The tool will be somewhat different from scanners produced by companies like ASML or Nikon. For example, IAP plans to use a light source > 600 W (full power, no intermediate focal power) with an exposure wavelength of 11.3 nm (EUV wavelength is 13.5 nm), which will require considerably more sophisticated optics than exist today. Since the device’s light source will be of relatively low power, this will make the tool more compact and easier to build. Yet this also means that its scanner output will be considerably lower than that of modern deep ultraviolet (DUV) tools. That could now be a problem, according to IAP.

“ASML, the world leader in lithography, has been developing its EUV lithography system for nearly 20 years and the technology has proven to be incredibly complex,” said Nikolai Chkhalo, Deputy Director of the Institute of Microstructural Physics at the Russian Academy of Sciences. for scientific and technological development. “ASML’s main goal in this case was to maintain the extremely high productivity that is needed only in the largest factories in the world. In Russia, no one needs such high productivity. In our work , we start from the needs and tasks faced by microelectronics – and it is not so much a question of quantity, but of quality.First of all, we must move to our own manufacturing processes, develop our own standards of design, our own tools, engineering, materials, so our own path is inevitable here. In fact, we have to find a balance between simplicity and performance.”
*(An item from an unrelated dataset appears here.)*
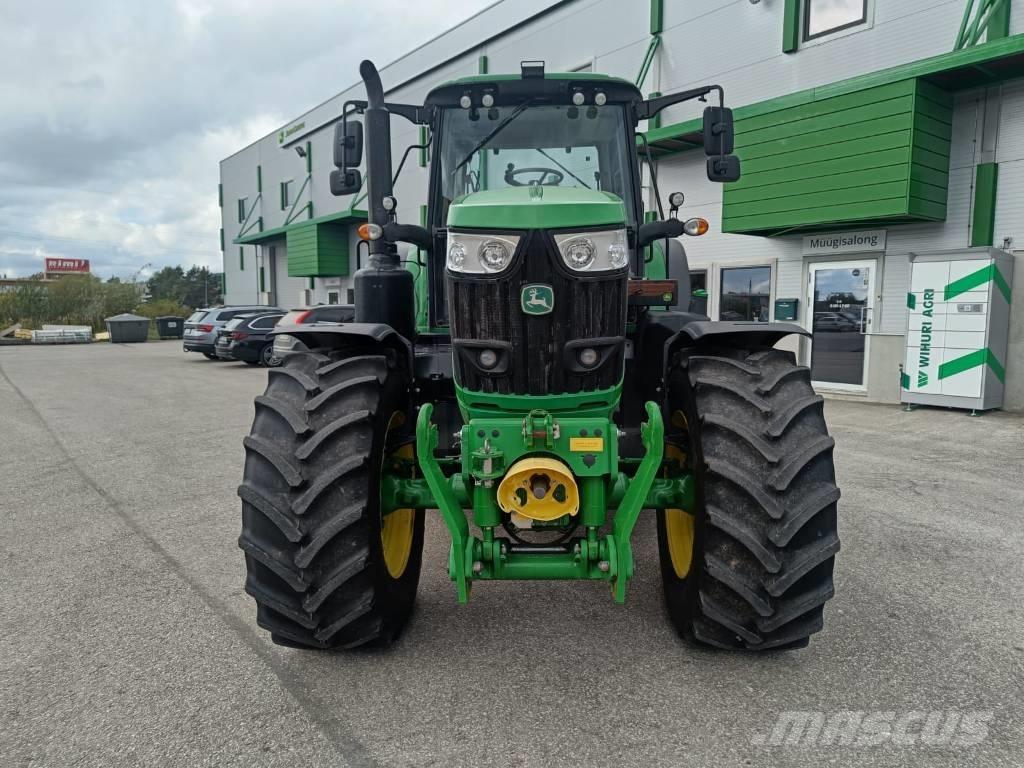 John Deere 6195 M Tractores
IAP plans to build a fully functional alpha scanner by 2024. This will not have to offer high productivity or maximum resolution but will have to work and be attractive to potential investors. IAP intends to build a beta version of the scanner with higher productivity and resolution by 2026. This machine should be ready for mass production, but its productivity should not be maximized. The last iteration of the litho scanner should see the light of day in 2028. It should have an efficient light source (hence better productivity), better metrology and excessive capacities. It is unclear how many of these machines IAP and/or its production partners will be able to produce by 2028.

It should be noted that fab equipment is not limited to lithography scanners. There are other types of machines performing etching, deposition, resist removal, metrology and inspection operations that are not made in Russia. In addition, there are somewhat less advanced machines such as ultrapure air and water generators which are also not produced in Russia. Even if IAP RAS manages to build a lithography tool, Russia will still be a few hundred tools away from building a modern fab. Additionally, fabs need ultra-pure raw materials produced in countries that won’t supply to Russia.